» **ASSIGNED TASK**: A single number is the whole answer: the count of lines in these entries that hold "view".

** MATERIAL PROVIDED follows **

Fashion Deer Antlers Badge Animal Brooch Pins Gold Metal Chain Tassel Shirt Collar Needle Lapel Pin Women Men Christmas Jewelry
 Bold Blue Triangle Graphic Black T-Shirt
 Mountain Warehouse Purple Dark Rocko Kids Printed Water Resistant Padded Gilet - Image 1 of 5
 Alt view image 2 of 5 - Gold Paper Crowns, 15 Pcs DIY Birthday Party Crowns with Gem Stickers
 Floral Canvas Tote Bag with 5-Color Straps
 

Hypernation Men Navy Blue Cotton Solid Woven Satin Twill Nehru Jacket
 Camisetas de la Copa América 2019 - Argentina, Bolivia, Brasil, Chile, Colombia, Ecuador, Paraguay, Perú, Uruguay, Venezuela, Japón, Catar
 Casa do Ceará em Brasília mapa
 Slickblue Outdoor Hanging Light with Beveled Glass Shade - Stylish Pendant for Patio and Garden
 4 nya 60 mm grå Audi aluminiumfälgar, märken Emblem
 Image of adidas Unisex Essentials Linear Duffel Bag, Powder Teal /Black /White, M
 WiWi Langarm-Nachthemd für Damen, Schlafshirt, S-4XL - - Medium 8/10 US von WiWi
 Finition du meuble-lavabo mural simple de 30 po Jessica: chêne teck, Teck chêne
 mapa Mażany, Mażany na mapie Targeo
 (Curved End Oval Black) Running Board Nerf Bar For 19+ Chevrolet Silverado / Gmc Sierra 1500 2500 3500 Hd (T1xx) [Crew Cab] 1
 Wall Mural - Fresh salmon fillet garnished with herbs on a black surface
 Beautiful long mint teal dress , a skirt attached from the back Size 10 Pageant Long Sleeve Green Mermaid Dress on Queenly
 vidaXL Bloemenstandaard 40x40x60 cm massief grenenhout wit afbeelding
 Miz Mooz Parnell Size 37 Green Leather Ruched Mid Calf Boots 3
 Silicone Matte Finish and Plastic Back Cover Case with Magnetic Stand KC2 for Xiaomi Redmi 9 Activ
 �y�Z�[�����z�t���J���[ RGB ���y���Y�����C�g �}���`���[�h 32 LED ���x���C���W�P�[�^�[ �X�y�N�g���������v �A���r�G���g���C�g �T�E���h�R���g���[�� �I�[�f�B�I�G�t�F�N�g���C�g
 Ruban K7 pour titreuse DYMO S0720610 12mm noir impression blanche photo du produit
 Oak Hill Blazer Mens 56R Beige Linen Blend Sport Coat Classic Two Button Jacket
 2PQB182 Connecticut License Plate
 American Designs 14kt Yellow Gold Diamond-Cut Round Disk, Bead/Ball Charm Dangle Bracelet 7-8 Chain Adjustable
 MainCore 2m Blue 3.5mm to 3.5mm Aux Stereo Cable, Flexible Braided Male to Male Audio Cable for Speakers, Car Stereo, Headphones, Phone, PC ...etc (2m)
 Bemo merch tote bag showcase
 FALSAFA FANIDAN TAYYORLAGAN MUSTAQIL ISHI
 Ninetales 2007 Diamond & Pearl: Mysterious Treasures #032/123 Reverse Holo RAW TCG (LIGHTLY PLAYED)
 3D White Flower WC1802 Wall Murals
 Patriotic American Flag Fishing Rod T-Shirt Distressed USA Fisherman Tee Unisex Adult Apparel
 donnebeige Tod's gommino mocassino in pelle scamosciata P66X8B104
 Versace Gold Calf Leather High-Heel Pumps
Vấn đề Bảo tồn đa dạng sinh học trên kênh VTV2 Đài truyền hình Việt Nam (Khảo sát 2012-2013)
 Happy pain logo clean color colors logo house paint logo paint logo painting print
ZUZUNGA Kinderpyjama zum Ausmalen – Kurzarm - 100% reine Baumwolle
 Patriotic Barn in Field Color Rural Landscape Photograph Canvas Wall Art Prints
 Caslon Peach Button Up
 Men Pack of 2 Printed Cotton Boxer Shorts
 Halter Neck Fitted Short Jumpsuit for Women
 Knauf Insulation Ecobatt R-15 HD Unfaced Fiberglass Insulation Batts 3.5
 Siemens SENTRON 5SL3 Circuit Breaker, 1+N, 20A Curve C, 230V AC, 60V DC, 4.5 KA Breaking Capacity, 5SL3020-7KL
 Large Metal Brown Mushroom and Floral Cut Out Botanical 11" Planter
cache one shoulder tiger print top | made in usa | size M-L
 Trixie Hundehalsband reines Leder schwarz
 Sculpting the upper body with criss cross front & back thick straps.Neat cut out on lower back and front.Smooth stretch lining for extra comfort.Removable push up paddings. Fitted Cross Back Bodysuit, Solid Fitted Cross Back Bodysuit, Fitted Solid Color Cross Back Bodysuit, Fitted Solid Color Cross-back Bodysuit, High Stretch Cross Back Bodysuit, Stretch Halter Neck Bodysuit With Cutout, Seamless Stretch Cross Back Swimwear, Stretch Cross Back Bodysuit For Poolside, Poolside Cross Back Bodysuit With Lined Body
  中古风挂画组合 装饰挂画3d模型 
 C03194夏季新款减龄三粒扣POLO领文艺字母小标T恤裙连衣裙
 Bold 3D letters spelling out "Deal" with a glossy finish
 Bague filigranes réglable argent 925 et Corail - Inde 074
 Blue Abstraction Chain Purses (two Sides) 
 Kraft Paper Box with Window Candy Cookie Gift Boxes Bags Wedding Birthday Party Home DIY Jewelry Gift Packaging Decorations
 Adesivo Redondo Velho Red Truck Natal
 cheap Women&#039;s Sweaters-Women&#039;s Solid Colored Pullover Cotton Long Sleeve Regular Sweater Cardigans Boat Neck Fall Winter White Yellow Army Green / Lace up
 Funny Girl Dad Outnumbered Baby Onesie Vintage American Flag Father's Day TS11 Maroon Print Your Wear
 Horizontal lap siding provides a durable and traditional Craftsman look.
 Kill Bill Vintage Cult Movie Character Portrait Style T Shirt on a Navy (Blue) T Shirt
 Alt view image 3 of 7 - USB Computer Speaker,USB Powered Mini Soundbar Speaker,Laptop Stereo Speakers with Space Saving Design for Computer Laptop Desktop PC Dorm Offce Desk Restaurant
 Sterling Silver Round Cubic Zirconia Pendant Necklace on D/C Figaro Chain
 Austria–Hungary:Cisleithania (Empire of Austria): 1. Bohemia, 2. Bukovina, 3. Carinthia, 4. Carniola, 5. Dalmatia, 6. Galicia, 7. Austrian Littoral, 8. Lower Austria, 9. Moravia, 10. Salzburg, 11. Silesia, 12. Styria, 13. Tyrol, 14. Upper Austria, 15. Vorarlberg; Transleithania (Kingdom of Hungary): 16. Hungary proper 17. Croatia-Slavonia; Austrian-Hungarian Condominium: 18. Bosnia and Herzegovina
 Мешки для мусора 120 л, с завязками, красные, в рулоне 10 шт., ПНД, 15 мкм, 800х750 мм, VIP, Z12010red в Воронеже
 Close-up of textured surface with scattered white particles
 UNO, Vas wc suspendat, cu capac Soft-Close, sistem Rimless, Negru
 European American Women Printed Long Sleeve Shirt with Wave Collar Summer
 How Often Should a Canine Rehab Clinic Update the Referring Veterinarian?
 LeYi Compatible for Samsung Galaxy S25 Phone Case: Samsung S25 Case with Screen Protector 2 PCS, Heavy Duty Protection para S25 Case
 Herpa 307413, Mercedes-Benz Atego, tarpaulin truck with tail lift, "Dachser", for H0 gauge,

** End of MATERIAL PROVIDED **

» **RESULT OF THE EXERCISE**: 2